- Exercise details: What you write must be the lines from the one holding "most tattooed man." through the final line of the records below, reproduced exactly, minus the pictures.

*** Provided records ***

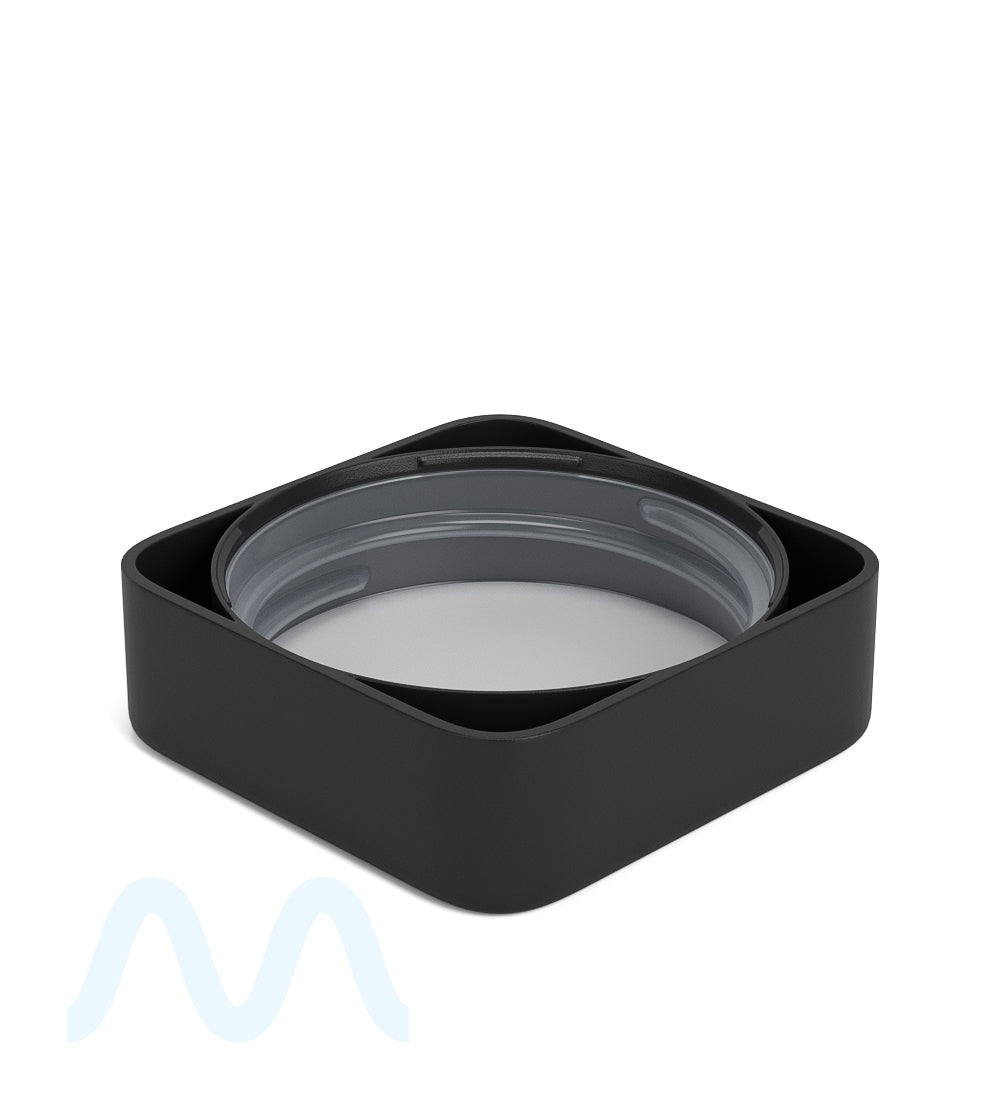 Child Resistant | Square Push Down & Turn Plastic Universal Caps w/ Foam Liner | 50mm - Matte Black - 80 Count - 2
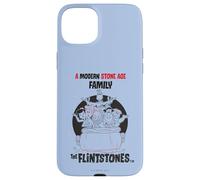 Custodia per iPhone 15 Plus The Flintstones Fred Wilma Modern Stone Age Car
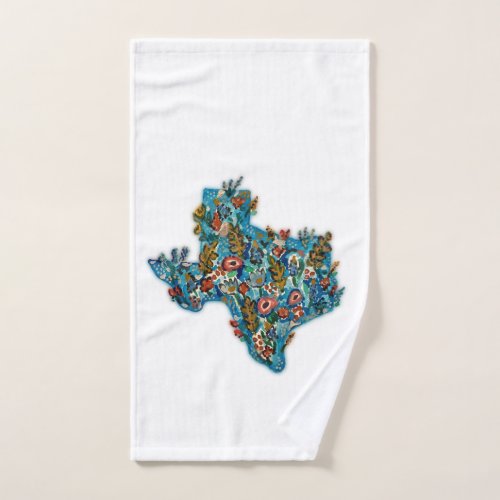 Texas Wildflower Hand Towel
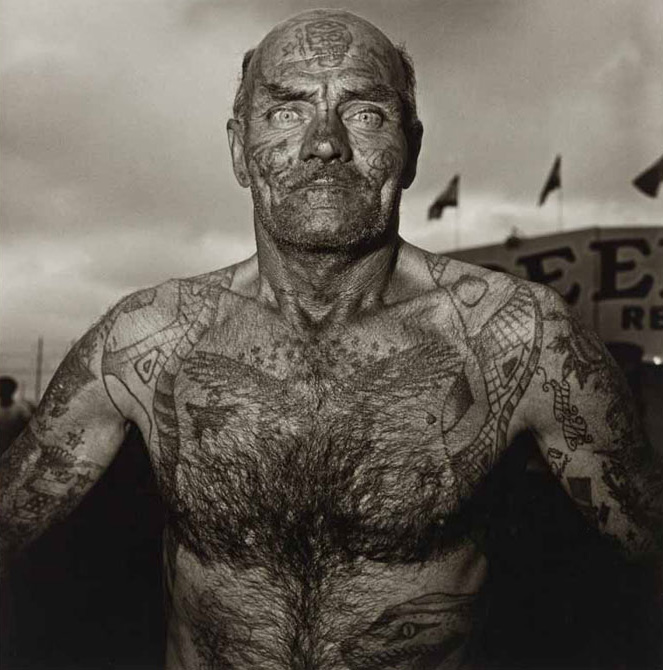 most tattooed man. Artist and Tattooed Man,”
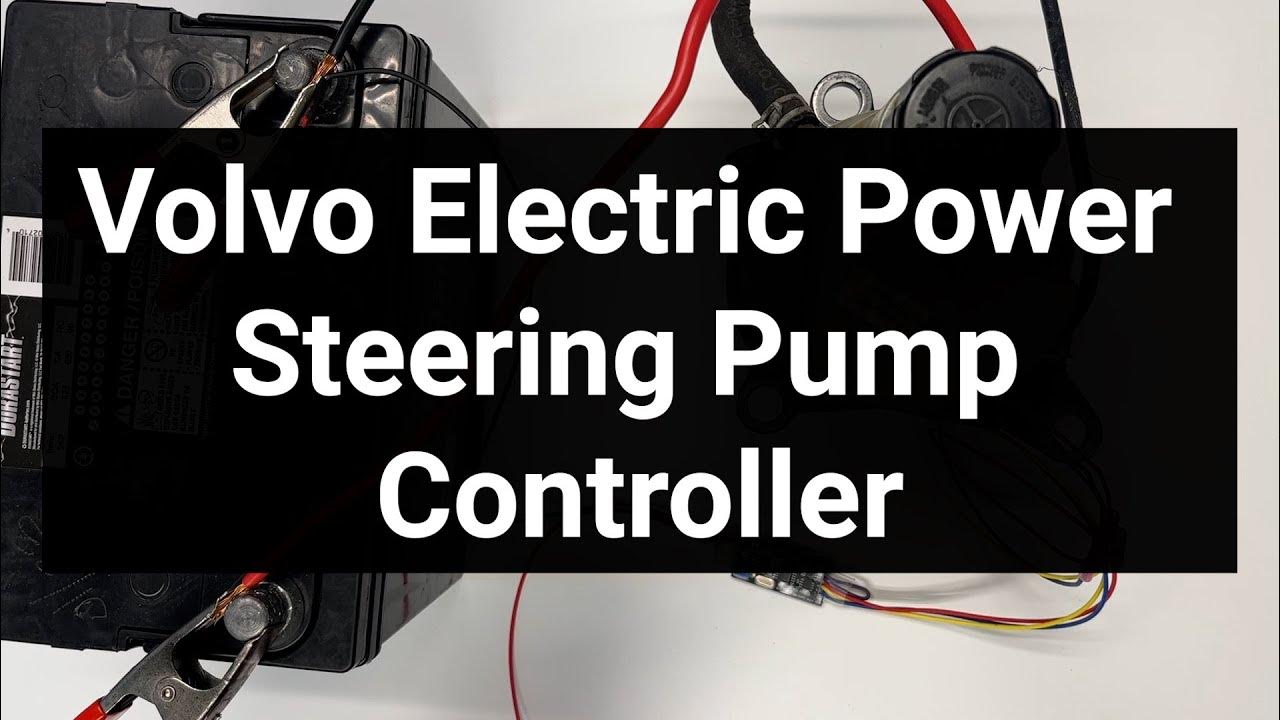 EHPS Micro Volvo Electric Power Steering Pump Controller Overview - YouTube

*** End of Provided records ***

- Answer to this problem:
 most tattooed man. Artist and Tattooed Man,”
 EHPS Micro Volvo Electric Power Steering Pump Controller Overview - YouTube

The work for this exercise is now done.